If no harness signal is present, tt stays on the human CLI path. That keeps ordinary shell usage predictable while preventing harness-launched shells from silently joining rooms as human:<username>.

Use tt whoami --explain to see which identity path the CLI chose.

Design highlights

  • Workspace-root room resolution. An agent at any depth under /repo/ joins the /repo/ room automatically. Nested rooms require explicit force_new.
  • Structured handoffs. tt release and tt pass carry a typed Handoff with required status / next_action and optional artifacts[] pointing at specific files and line ranges.
  • Fair handoff selection. Normal release prefers a recent waiter that is new or has gone longest without holding the stick; if the best-known candidate is between wait polls, a short grace window prevents immediate recycling to a less-fair claimant.
  • No immediate take-backs. If release leaves a handoff idle, the prior owner waits through the short grace window before reclaiming while another member exists.
  • Ephemeral rooms. tt leave removes membership, rooms with no active members are physically deleted, and long-idle rooms with no recent activity or provably live member process are purged opportunistically on later invocations. The default idle retention is seven days.
  • Fencing tokens. lease_id + turn_id make stale writes impossible — an agent who lost their turn cannot commit anything under the room's name.
  • Liveness-aware recovery. Dead or crashed holders are detected with OS-level process checks; claim-timeout takeover skips the prior owner when another active member is waiting.
  • Readable default projections. State, events, notes, and health anchor to the room's newest real activity and collapse much-older ghost rows, while --all and explicit cursors preserve full audit history.
  • Multi-process safe. Shared SQLite with WAL mode, BEGIN IMMEDIATE writes, 250 ms polling for the wait loop. No daemon required.
  • Per-call identity derivation. Harness-launched CLI calls derive identity from harness environment or ancestry. Human CLI callers get a stable human:<username> identity.

Storage

The coordination database lives at:

  • Linux/macOS: ~/.local/share/talking-stick/rooms.sqlite (or $XDG_DATA_HOME/talking-stick/rooms.sqlite)
  • Windows: %APPDATA%\talking-stick\rooms.sqlite

Override with TALKING_STICK_DATA_DIR if you want to keep per-project state.

Development

npm install
npm test
npm run typecheck
npm run build

Changelog

See CHANGELOG.md for a per-version summary; full release notes live in docs/releases/.
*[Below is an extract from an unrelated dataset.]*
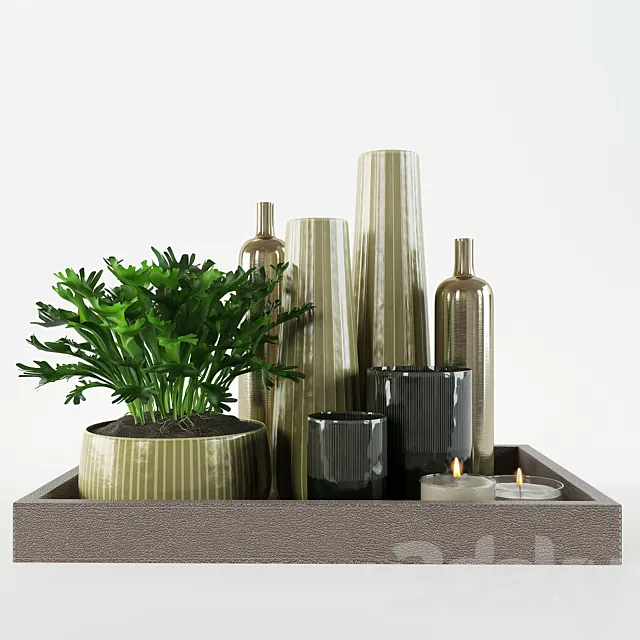 decorative set on a tray 3D Model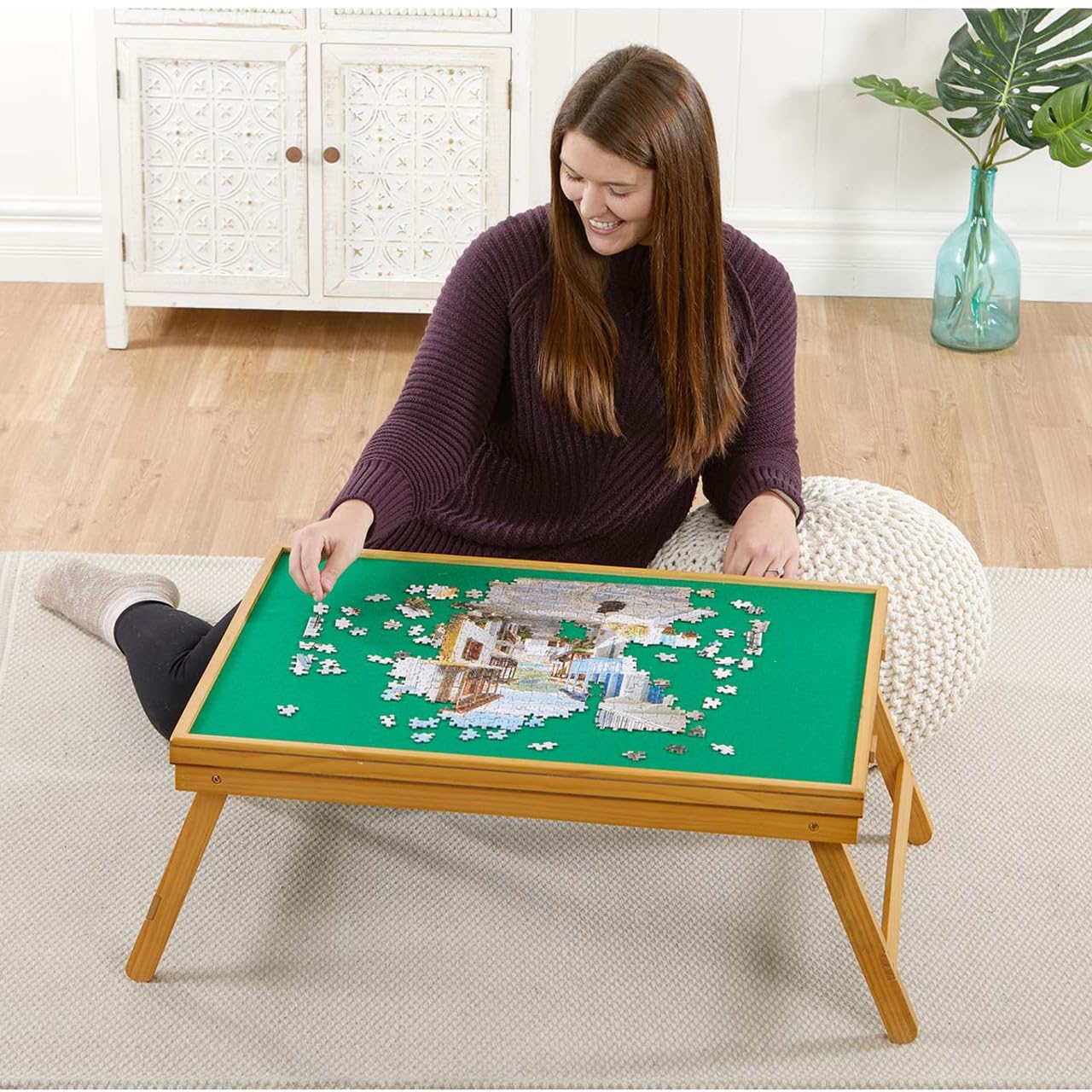 Premium Wooden Puzzle Table Accessory for Adults - Relaxing Brain Teaser Game for Home, Office & Travel - Perfect Gift for Puzzle Lovers & Family Game Nights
When cutting a release, add entries under CHANGELOG.md's Unreleased section, then run npm version <new-version>. The version lifecycle script moves those entries into the new version section, writes docs/releases/<version>.md, and adds the GitHub release link before npm commits and tags the version.

Read next

  • docs/talking-stick-plan.md — full protocol, state transitions, persistence model, design rationale, and open questions.
  • docs/ambient-presence.md — design sketch for shell-prompt awareness, event streaming, and agent skills that make room state ambient rather than appointment-only.
  • docs/non-owner-notes.md — design backing the v1 notes feature; documents what shipped, what was deferred (resolve_note, wait_for_turn unread hints), and the rationale.
  • skills/talking-stick/SKILL.md — the portable skill installed into global harness skill directories.

License

MIT. See LICENSE.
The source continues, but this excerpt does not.